§ WORK INSTRUCTION: Look below for the line containing "12920 Sewell Ave, Kansas City, KS 66109". Output it and each remaining line of the entries exactly, and nothing else.

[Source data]
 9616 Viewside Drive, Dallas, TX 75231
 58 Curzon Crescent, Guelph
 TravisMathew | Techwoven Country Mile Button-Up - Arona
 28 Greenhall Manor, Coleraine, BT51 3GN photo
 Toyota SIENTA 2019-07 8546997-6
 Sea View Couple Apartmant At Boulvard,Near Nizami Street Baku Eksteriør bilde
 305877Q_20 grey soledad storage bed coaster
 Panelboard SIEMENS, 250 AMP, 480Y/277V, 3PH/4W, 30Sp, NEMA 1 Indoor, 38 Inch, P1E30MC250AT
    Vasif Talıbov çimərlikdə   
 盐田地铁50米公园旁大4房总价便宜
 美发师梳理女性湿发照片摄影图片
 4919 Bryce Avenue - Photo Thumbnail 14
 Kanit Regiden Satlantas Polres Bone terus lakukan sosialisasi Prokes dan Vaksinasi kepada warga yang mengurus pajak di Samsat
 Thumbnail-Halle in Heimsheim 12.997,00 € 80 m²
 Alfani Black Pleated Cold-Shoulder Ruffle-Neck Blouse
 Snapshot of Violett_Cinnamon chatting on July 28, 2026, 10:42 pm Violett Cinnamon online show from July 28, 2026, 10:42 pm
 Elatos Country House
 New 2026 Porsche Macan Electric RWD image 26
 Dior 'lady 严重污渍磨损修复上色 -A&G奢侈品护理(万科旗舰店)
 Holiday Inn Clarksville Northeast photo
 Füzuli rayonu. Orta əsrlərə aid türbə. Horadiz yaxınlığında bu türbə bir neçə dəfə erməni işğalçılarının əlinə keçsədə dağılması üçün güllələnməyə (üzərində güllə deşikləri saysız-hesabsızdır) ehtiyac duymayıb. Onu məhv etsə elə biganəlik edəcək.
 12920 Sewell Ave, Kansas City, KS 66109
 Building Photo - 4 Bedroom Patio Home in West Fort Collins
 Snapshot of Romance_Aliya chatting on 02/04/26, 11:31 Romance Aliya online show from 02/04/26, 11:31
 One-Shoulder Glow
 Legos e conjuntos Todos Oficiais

§ YOUR SOLUTION:
 12920 Sewell Ave, Kansas City, KS 66109
 Building Photo - 4 Bedroom Patio Home in West Fort Collins
 Snapshot of Romance_Aliya chatting on 02/04/26, 11:31 Romance Aliya online show from 02/04/26, 11:31
 One-Shoulder Glow
 Legos e conjuntos Todos Oficiais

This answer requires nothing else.